Meine #19 (mit   versehen ) war scherzhaft gemeint.


----------



## JClaudeK

berndf said:


> _Sie kocht Wasser_ heißt _Sie bringt Wasser zum kochen_.


So "_Sie kocht Wasser_" würde ich das nie ausdrücken. cf. #18

Ich sage entweder "Kannst du bitte  Wasser aufstellen." oder (seltener) "Kannst du bitte Wasser heiß machen."


----------



## berndf

JClaudeK said:


> So "_Sie kocht Wasser_" würde ich das nie ausdrücken.


Ich schon und ich bin dabei sicher auch nicht alleine. Sonst würde es auch wenig Sinn ergeben, so etwas einen _Wasserkocher _(_=ein Gerät, dass Wasser kocht_) zu nennen:




Und so werden diese Geräte in der Regel genannt.


----------



## JClaudeK

berndf said:


> Sonst würde es auch wenig Sinn ergeben, so etwas einen _Wasserkocher _(_=ein Gerät, dass Wasser kocht_) zu nennen:


Das Gerät kocht (das) Wasser, nicht der- oder diejenige, der/ die das Gerät benutzt.

_Sie/ Die Frau kocht* Wasser/ ist beim Wasserkochen._ 

"_jemand kocht etwas_" hat für mich nur mit der Bedeutung "_jemand bereitet etwas zu essen zu_" Sinn.


----------



## berndf

JClaudeK said:


> "_jemand kocht etwas_" hat für mich nur mit der Bedeutung "_jemand bereitet etwas zu essen zu_" Sinn.

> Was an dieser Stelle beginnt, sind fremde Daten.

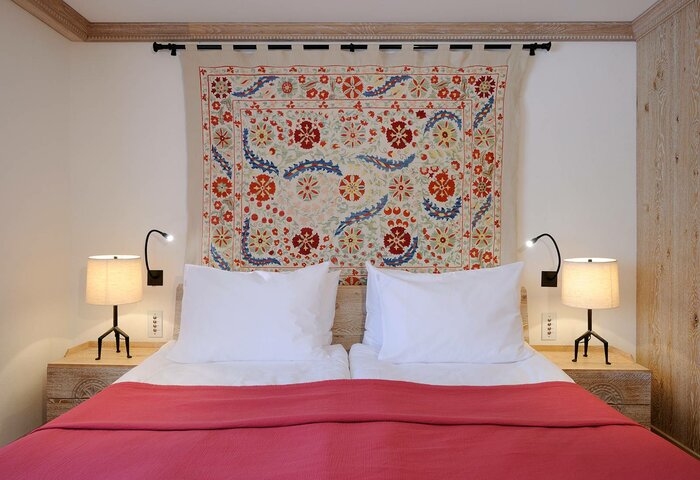 Comfort double room in the main building A double bed with white pillows, a red bedspread and a textile wall hanging in the comfort room of the main building.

Das ist _kochen = cuisiner_. Das transitive _kochen _hat aber definitiv noch andere Bedeutungen.

Ich würde sogar behaupten, dass für das transitive Verb _kochen = cuisiner_ im modernen Deutsch *nicht* die Hauptbedeutung ist, sondern nur in bestimmten Kontexten anwendbar ist. Die Hauptbedeutung ist _in kochendem Wasser garen_. _Etwas kochen_ steht in explizitem Gegensatz zu _etwas braten, backen_ etc. Du kannst nicht ein Steak in die Pfanne legen und dabei sagen_ Ich koche jetzt eine Steak_. Das geht nicht.

Im Englischen kannst du z.B. gefragt werden, _How do you want your steak to be cooked?_ und darauf antworten _medium rare_. Im Deutschen wäre auf die Frage _Wie möchten sie ihr Steak gekocht haben? _die einzige mögliche Antwort _Gar nicht!_


----------



## JClaudeK

berndf said:


> Die Hauptbedeutung ist _in kochendem Wasser garen._ _Etwas kochen_ steht in explizitem Gegensatz zu _etwas braten, backen_ etc.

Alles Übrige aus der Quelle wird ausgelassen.